Extending
In this section, we explain how to extend SFrames
. The functionality of extending is the same in all implementations, so
the example is written for DFrame
, but it applies to other implementations too.
SFrame
can be extended using other raw pandas DataFrames
. There are two types of extending: horizontally and vertically.
In the vertical case, the other data is added at the bottom of the original data, and columns are matched together.

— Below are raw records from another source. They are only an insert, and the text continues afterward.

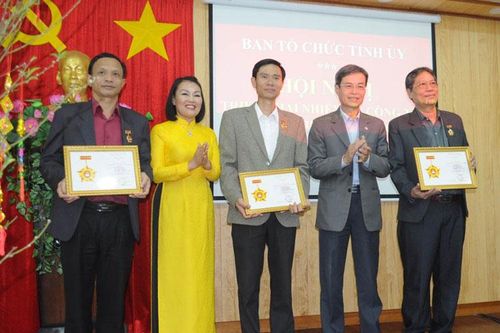 Công tác xây dựng, chỉnh đốn Đảng góp phần thực hiện thắng lợi Nghị quyết Đại hội Đảng bộ tỉnh lần thứ X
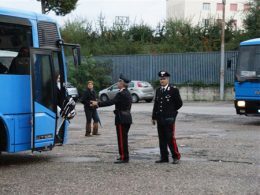 intervento dei carabinieri alla fermata dell'autobus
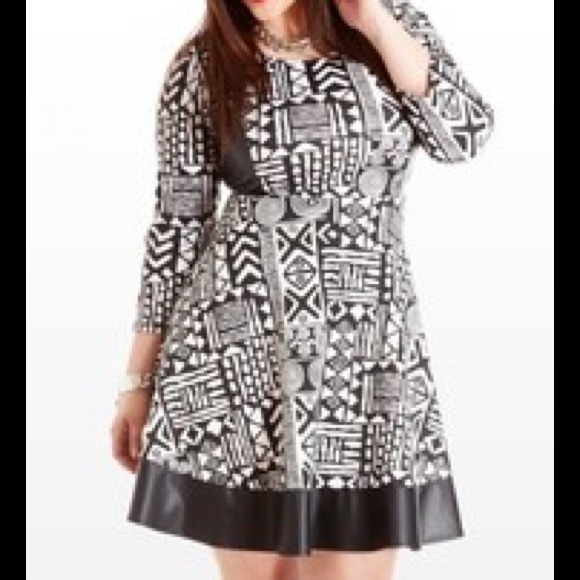 *** SOLD *** NWT Tribal Print Leather Inset Dress - Picture 4 of 4
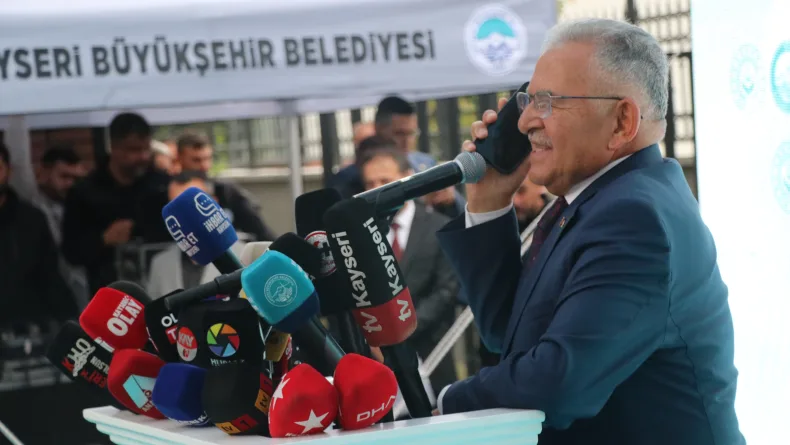 Bakan Göktaş, Kayseri’deki programına hava muhalefeti nedeniyle cep telefonuyla katıldı
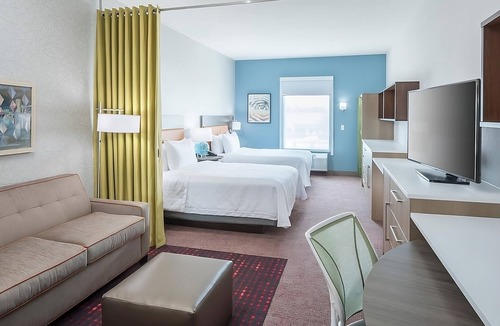 Airport North Hotel | GORGEOUS PET FRIENDLY SUITE! FREE BREAKFAST & POOL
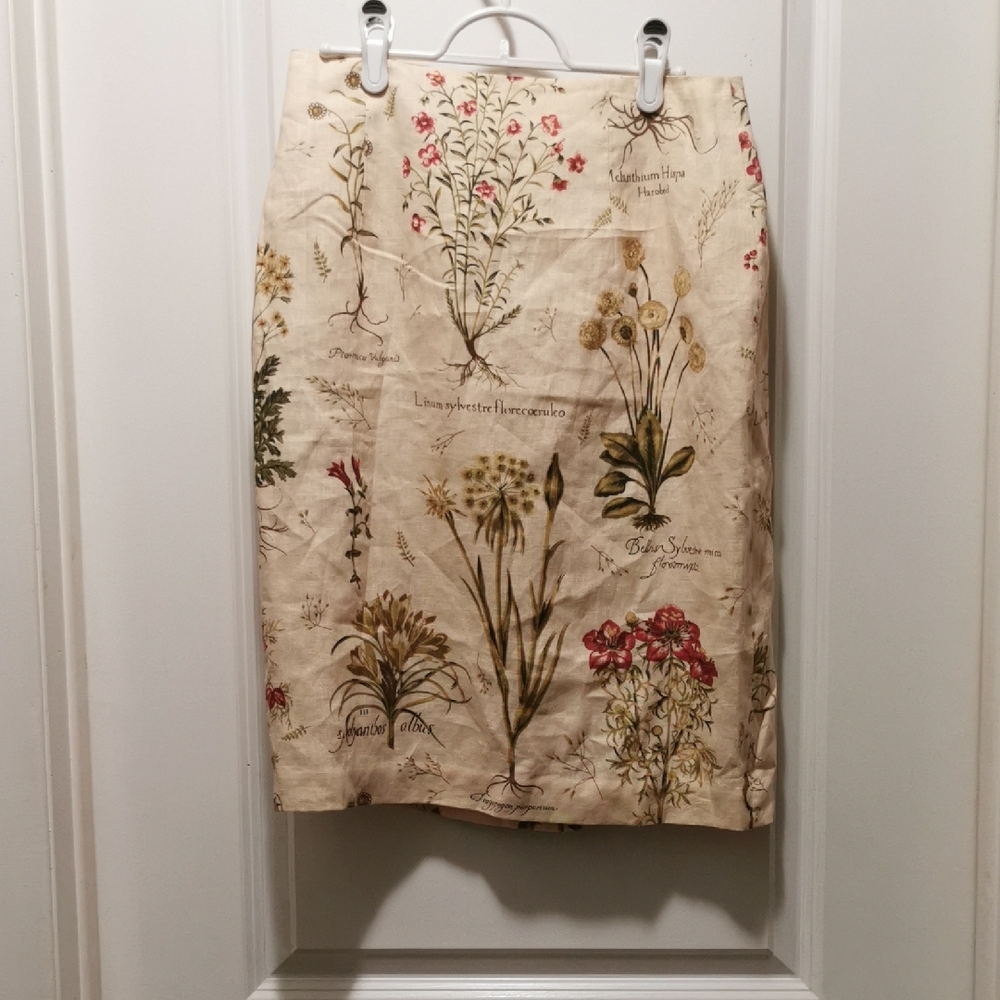 Botanical Print Beige Pencil Skirt‎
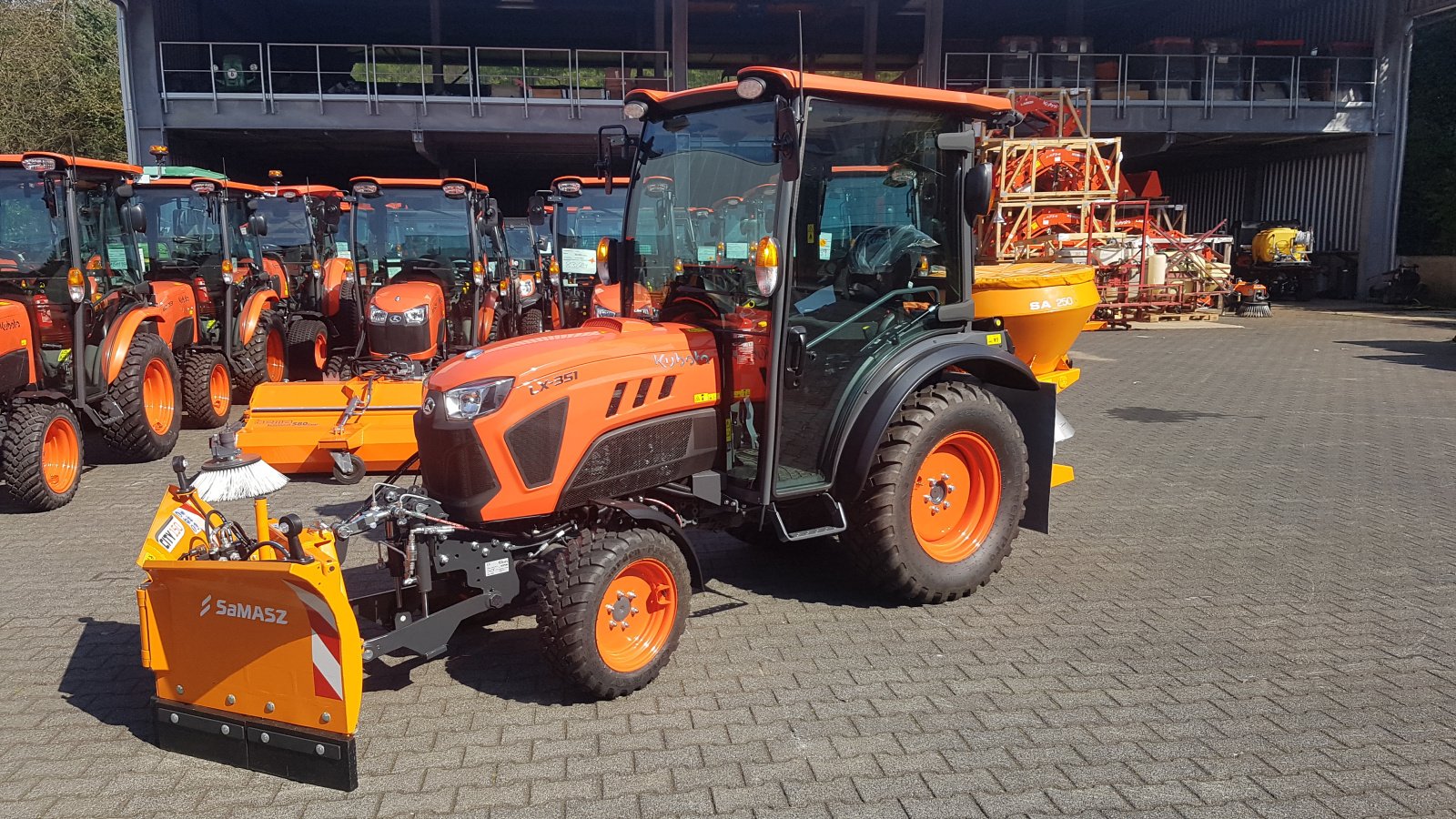 Kommunaltraktor of the type Kubota LX351 CAB Winterdienstpaket, Neumaschine in Olpe (Picture 5)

If
some columns do not exist in one of the data sets, then the values of these columns are NaN. Extending vertically is, in
fact, the pandas concat
method or the unionByName
method in pyspark.
Extend Vertically
To extend vertically:
from seshat.data_class import SFrame, DFrame, SPFrame, GroupSFrame
import pandas as pd
data_1 = {"A": ["foo", "bar"], "B": [1, 2]}
sf_1 = DFrame.from_raw(data_1)
df = pd.DataFrame({"A": ["bar", "qux"], "C": [3, 4]})
sf_1.extend(other=df, axis=0)
print(sf_1.to_raw())
Extend Horizontally
To extend horizontally, the data will be merged:
from seshat.data_class import SFrame, DFrame, SPFrame, GroupSFrame
import pandas as pd
sf_1 = DFrame.from_raw({"A": ["foo", "bar", "baz", "foo"], "B_left": [1, 2, 3, 5]})
df = pd.DataFrame({"A": ["foo", "bar", "baz", "foo"], "B_right": [5, 6, 7, 8]})
sf_1.extend(df, axis=1, on="A", how="left")
print(sf_1.to_raw())
The on
argument indicates that left_on
and right_on
are the same. left_on
and right_on
can be a string or a
list of strings.
from seshat.data_class import SFrame, DFrame, SPFrame, GroupSFrame
import pandas as pd
sf_1 = DFrame.from_raw(
{"A": ["foo", "bar", "baz", "foo"], "B_left": [1, 2, 3, 5], "C": [1, 2, 3, 4]}
)
df = pd.DataFrame(
{"A": ["foo", "bar", "baz", "foo"], "B_right": [5, 6, 7, 8], "C": [1, 2, 7, 8]}
)
sf_1.extend(df, axis=1, left_on=["A", "C"], right_on=["A", "C"], how="left")
print(sf_1.to_raw())
In this example, the merge operation is performed based on the columns "A" and "C".